Segment Start: PROVIDED DATA
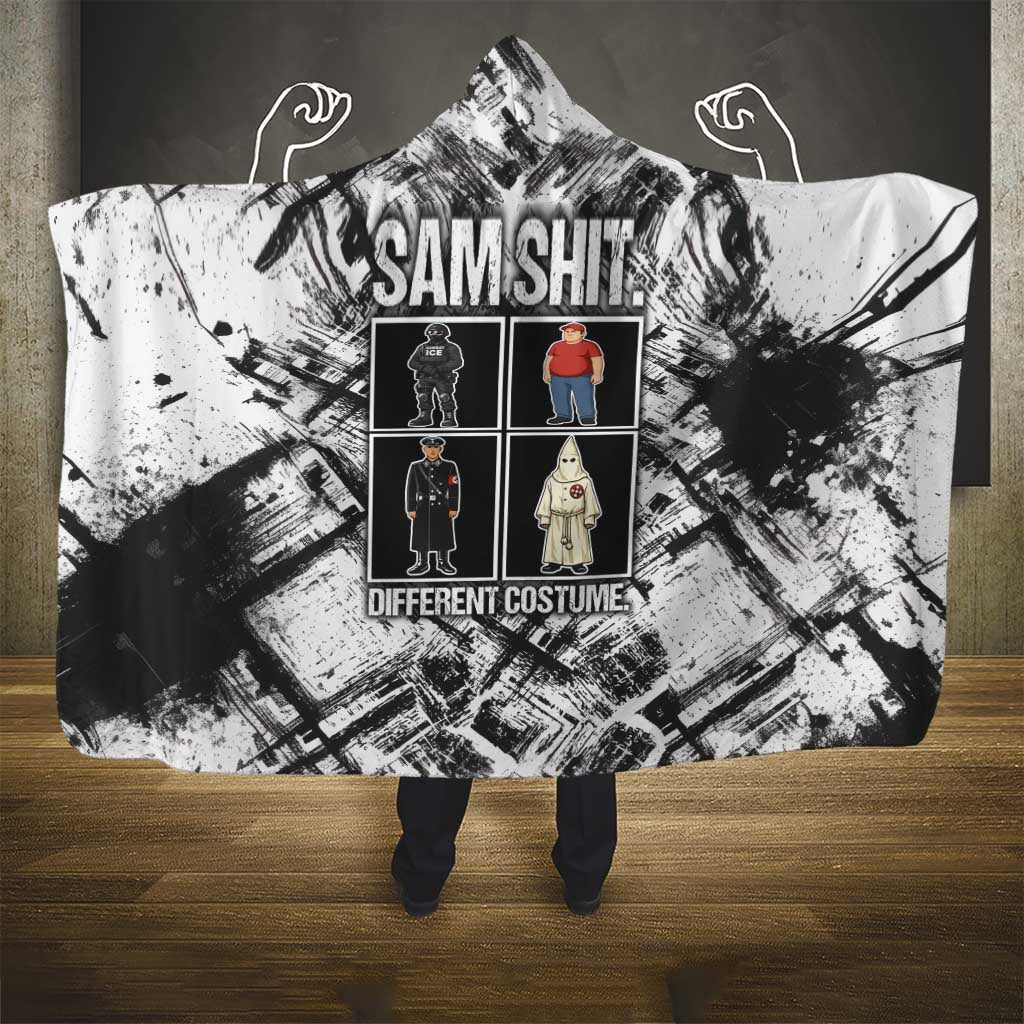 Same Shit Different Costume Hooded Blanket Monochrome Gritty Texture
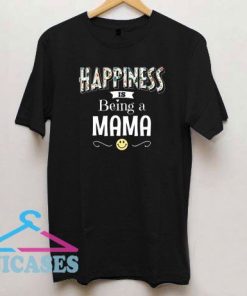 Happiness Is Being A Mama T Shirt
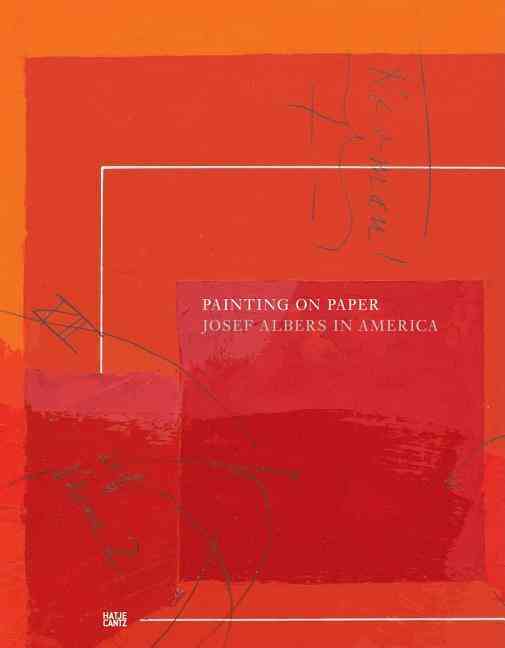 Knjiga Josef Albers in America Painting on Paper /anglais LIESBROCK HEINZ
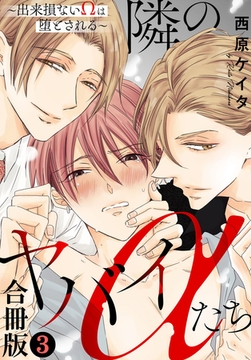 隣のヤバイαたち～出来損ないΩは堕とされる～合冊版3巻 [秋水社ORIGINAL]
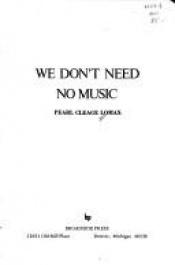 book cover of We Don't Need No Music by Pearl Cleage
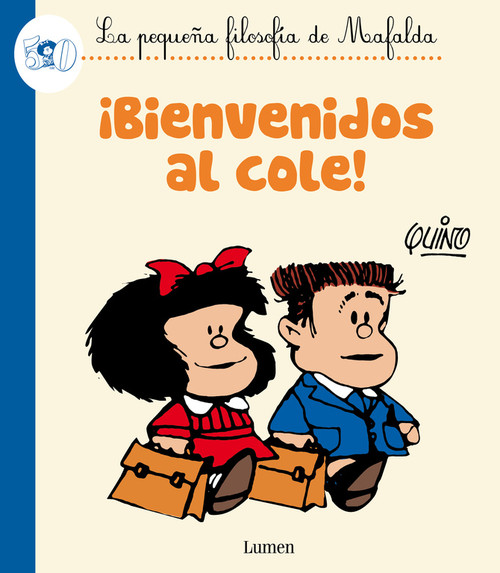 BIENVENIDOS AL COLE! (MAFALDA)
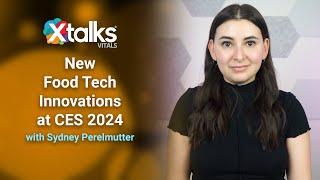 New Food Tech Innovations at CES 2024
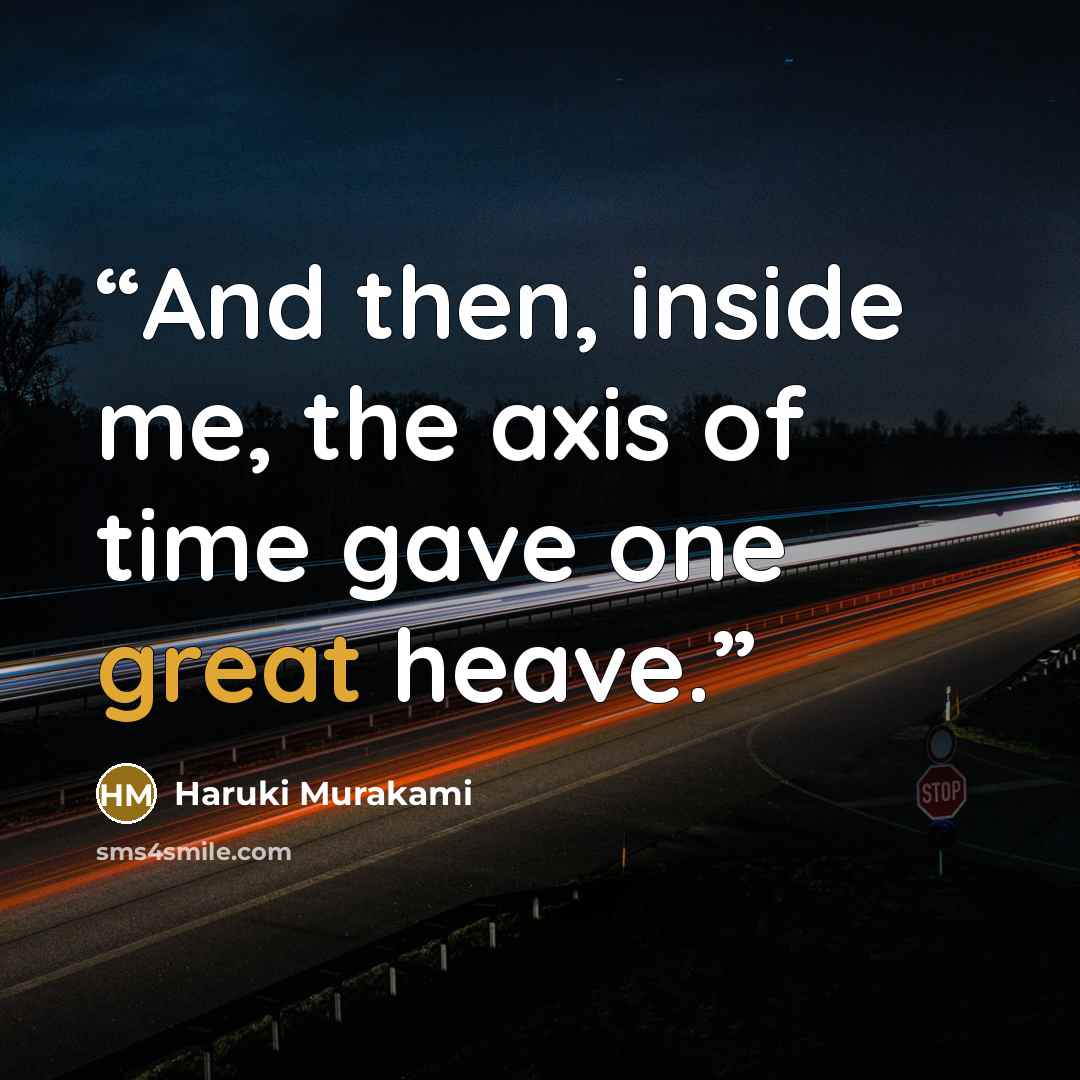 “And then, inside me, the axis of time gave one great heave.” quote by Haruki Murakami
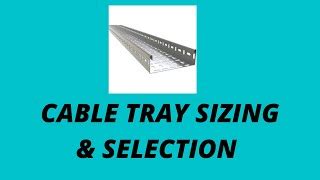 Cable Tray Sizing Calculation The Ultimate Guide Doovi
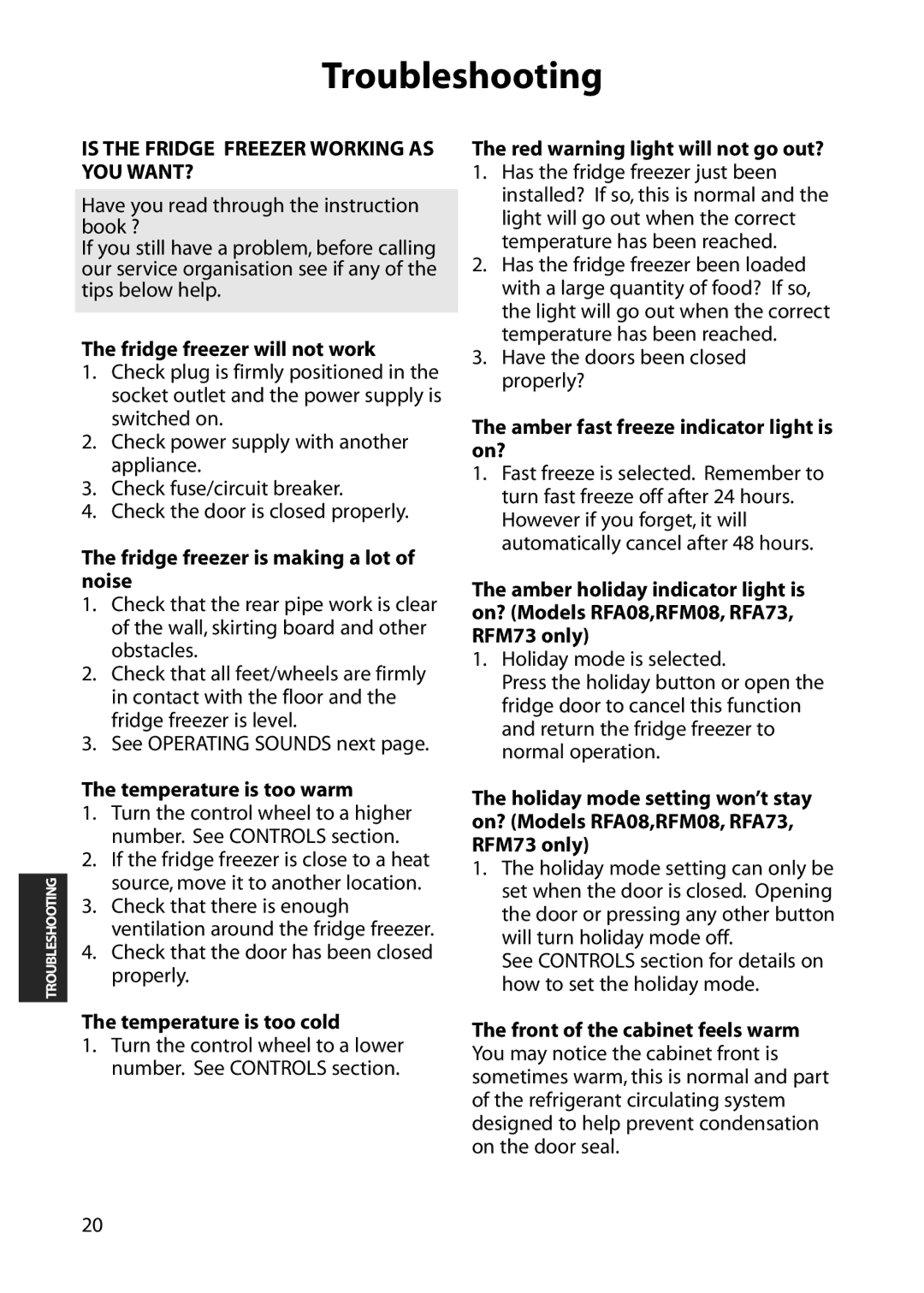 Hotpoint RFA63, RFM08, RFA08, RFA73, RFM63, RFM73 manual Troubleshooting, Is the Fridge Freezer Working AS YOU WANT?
Segment End: PROVIDED DATA
Segment Start: PROVIDED DATA
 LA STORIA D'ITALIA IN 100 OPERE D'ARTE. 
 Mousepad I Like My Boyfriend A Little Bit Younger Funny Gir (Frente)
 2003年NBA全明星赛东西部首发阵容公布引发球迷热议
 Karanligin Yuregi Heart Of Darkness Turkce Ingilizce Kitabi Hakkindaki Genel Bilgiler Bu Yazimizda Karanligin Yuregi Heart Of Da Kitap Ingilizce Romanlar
Segment End: PROVIDED DATA
WHAT TO DO:
Looking above, find the stretch of lines that opens with the one holding "Same Shit Different" and closes with the one holding "隣のヤバイαたち～出来損ない". Copy it exactly, pictures excluded.

EXPECTED OUTPUT:
 Same Shit Different Costume Hooded Blanket Monochrome Gritty Texture
 Happiness Is Being A Mama T Shirt
 Knjiga Josef Albers in America Painting on Paper /anglais LIESBROCK HEINZ
 隣のヤバイαたち～出来損ないΩは堕とされる～合冊版3巻 [秋水社ORIGINAL]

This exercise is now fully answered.